Start of Block

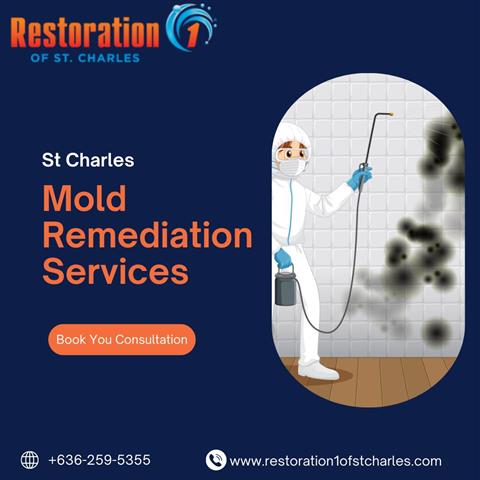 Mold Removal Services image 1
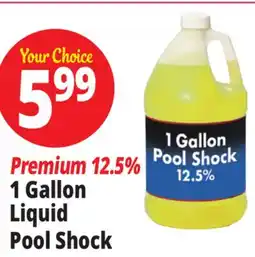 Ocean State Job Lot Liquid Pool Shock 1 Gal offer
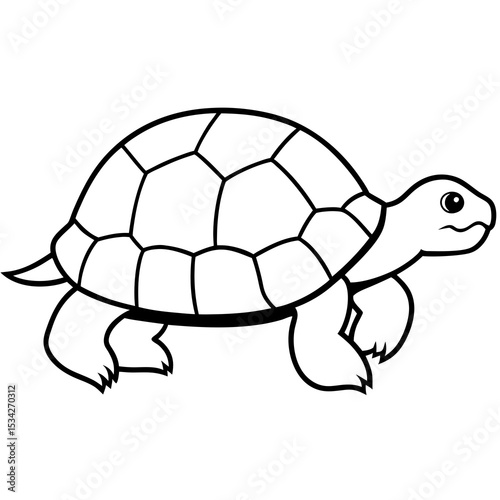 Elegant Tortoise Outline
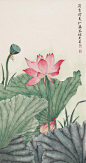 图片、荷花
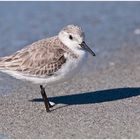 Sanderling II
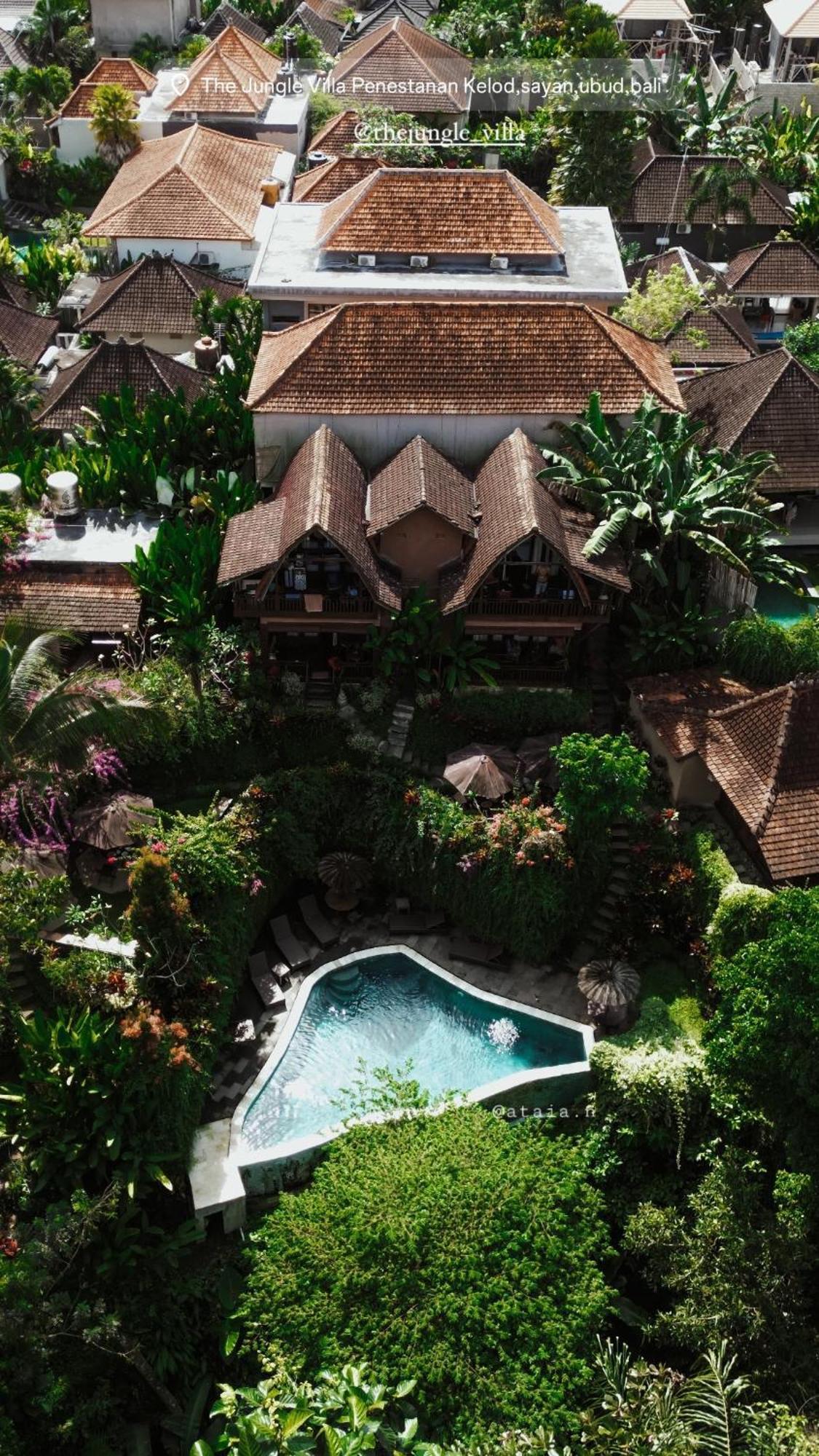 The Jungle Family Ubud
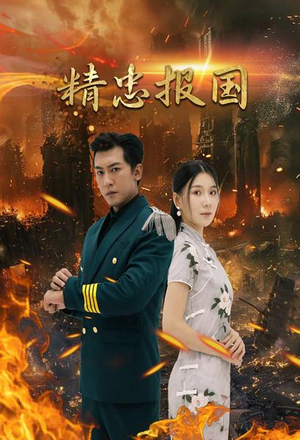 精忠报国（61集）热门火爆短剧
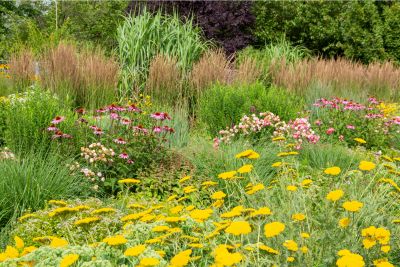 yarrow companion plants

End of Block

◆ **Task**: Every line above should be returned exactly; the pictures stay out.

◆ **Task output**:
 Mold Removal Services image 1
 Ocean State Job Lot Liquid Pool Shock 1 Gal offer
 Elegant Tortoise Outline
 图片、荷花
 Sanderling II
 The Jungle Family Ubud
 精忠报国（61集）热门火爆短剧
 yarrow companion plants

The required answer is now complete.